La rete del volontariato, oltre a rappresentare un inestimabile strumento per l’educazione all’idea democratica e per la sua massima diffusione, svolge un’insostituibile funzione di educazione alla solidarietà sociale. In fondo, l’eventuale scomparsa del volontariato finirebbe per espandere l’idea economicista che tutto abbia un prezzo, riducibile al costo espresso in termini monetari; il che significa che solo ciò che è riducibile in tali termini meriterebbe di essere preso sul serio. Gli economisti sono soliti parlare di effetto spiazzamento: le motivazioni estrinseche spiazzano le intrinseche. Quando ambiti dell’agire umano caratterizzati da principi come la reciprocità e il dono vengono occupati da principi che rispondono rigorosamente allo scambio degli equivalenti, gli ultimi tendono ad estromettere i primi. Per esempio, se sono pagato per fare una qualsiasi gentilezza, magari un sorriso, tenderò a farlo di meno gratuitamente.

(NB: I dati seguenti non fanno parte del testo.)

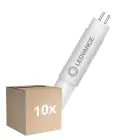 Multipack 10x Ledvance LED Buis T5 HF P Electronic (HF) High Efficiency 11W 1550lm - 830 Warm Wit | 85cm - Vervangt 21W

La rete del volontariato può essere un’autentica palestra di democrazia e di solidarietà, conformi all’organizzazione di una società libera ed aperta. In tal senso, pluralismo, democrazia e solidarietà andrebberoben oltre la mera coesistenza di più punti di vista e non interpretano il celebre motto “E Pluribus Unum” come un gioco a somma zero, nel quale le singole prospettive culturali si annullano a vicenda per dar vita ad una realtà artificiale culturalmente e politicamente neutra: una naked public square; magari così neutra e spoglia dapretendere di neutralizzare il Natale, e chi volesse ancora festeggiarlo, con una fredda circolare interna della Commissione Europea. L’unità d’intenti non andrebbe perseguita a spese della pluralità delle posizioni, certo consapevoli delle difficoltà e delle inevitabili tensioni che possono scaturire da un simile approccio. Lungi dal considerare le tensioni una patologia della vita politica, è necessario che esse siano salutate come una preziosa opportunità per l’elaborazione di una innovativa politica sociale, aperta ad inedite soluzioni. Si tratta di un’opera impegnativa che esalta la politica non tanto come “l’arte del possibile”, quanto come “l’arte di scoprire ciò che è possibile”, il che significa che il compito del politico è di scoprire le modalità e le procedure affinché un obiettivo o in ideale ritenuti comuni possano essere raggiunti tra una miriade di interessi particolari.